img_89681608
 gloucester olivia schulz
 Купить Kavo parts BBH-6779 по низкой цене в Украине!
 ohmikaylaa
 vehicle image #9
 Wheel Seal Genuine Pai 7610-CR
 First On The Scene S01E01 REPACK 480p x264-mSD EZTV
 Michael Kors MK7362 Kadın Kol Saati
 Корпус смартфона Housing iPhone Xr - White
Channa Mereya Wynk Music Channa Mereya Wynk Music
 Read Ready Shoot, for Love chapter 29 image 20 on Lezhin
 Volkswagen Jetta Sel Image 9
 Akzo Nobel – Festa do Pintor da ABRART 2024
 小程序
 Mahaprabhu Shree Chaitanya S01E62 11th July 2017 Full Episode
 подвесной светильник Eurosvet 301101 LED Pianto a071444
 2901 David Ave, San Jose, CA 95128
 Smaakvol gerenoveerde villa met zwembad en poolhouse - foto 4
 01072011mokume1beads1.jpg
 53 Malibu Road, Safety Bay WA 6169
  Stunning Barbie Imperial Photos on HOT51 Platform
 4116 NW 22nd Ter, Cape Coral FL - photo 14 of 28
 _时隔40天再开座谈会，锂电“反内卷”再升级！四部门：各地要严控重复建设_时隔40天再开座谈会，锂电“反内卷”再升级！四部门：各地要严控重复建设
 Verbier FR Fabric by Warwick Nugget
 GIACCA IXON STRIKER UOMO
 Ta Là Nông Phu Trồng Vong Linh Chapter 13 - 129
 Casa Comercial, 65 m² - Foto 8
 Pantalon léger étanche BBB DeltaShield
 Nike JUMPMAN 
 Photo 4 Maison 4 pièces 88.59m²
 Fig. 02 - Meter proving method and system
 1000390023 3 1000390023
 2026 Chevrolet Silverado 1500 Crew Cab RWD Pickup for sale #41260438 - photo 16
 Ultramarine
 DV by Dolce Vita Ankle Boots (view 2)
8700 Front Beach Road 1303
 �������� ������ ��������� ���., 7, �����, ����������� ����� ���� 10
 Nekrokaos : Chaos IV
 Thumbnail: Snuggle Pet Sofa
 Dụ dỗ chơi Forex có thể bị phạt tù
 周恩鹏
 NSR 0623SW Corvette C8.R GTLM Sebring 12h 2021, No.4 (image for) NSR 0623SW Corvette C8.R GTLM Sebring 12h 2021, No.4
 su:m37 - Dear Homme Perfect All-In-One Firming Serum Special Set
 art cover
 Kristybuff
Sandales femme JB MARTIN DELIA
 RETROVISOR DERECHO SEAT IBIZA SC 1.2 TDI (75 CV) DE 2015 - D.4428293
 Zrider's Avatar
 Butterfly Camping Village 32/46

- - -

— REQUIREMENT —
In full and without changes, repeat the listing.

— WRITTEN RESPONSE —
img_89681608
 gloucester olivia schulz
 Купить Kavo parts BBH-6779 по низкой цене в Украине!
 ohmikaylaa
 vehicle image #9
 Wheel Seal Genuine Pai 7610-CR
 First On The Scene S01E01 REPACK 480p x264-mSD EZTV
 Michael Kors MK7362 Kadın Kol Saati
 Корпус смартфона Housing iPhone Xr - White
Channa Mereya Wynk Music Channa Mereya Wynk Music
 Read Ready Shoot, for Love chapter 29 image 20 on Lezhin
 Volkswagen Jetta Sel Image 9
 Akzo Nobel – Festa do Pintor da ABRART 2024
 小程序
 Mahaprabhu Shree Chaitanya S01E62 11th July 2017 Full Episode
 подвесной светильник Eurosvet 301101 LED Pianto a071444
 2901 David Ave, San Jose, CA 95128
 Smaakvol gerenoveerde villa met zwembad en poolhouse - foto 4
 01072011mokume1beads1.jpg
 53 Malibu Road, Safety Bay WA 6169
  Stunning Barbie Imperial Photos on HOT51 Platform
 4116 NW 22nd Ter, Cape Coral FL - photo 14 of 28
 _时隔40天再开座谈会，锂电“反内卷”再升级！四部门：各地要严控重复建设_时隔40天再开座谈会，锂电“反内卷”再升级！四部门：各地要严控重复建设
 Verbier FR Fabric by Warwick Nugget
 GIACCA IXON STRIKER UOMO
 Ta Là Nông Phu Trồng Vong Linh Chapter 13 - 129
 Casa Comercial, 65 m² - Foto 8
 Pantalon léger étanche BBB DeltaShield
 Nike JUMPMAN 
 Photo 4 Maison 4 pièces 88.59m²
 Fig. 02 - Meter proving method and system
 1000390023 3 1000390023
 2026 Chevrolet Silverado 1500 Crew Cab RWD Pickup for sale #41260438 - photo 16
 Ultramarine
 DV by Dolce Vita Ankle Boots (view 2)
8700 Front Beach Road 1303
 �������� ������ ��������� ���., 7, �����, ����������� ����� ���� 10
 Nekrokaos : Chaos IV
 Thumbnail: Snuggle Pet Sofa
 Dụ dỗ chơi Forex có thể bị phạt tù
 周恩鹏
 NSR 0623SW Corvette C8.R GTLM Sebring 12h 2021, No.4 (image for) NSR 0623SW Corvette C8.R GTLM Sebring 12h 2021, No.4
 su:m37 - Dear Homme Perfect All-In-One Firming Serum Special Set
 art cover
 Kristybuff
Sandales femme JB MARTIN DELIA
 RETROVISOR DERECHO SEAT IBIZA SC 1.2 TDI (75 CV) DE 2015 - D.4428293
 Zrider's Avatar
 Butterfly Camping Village 32/46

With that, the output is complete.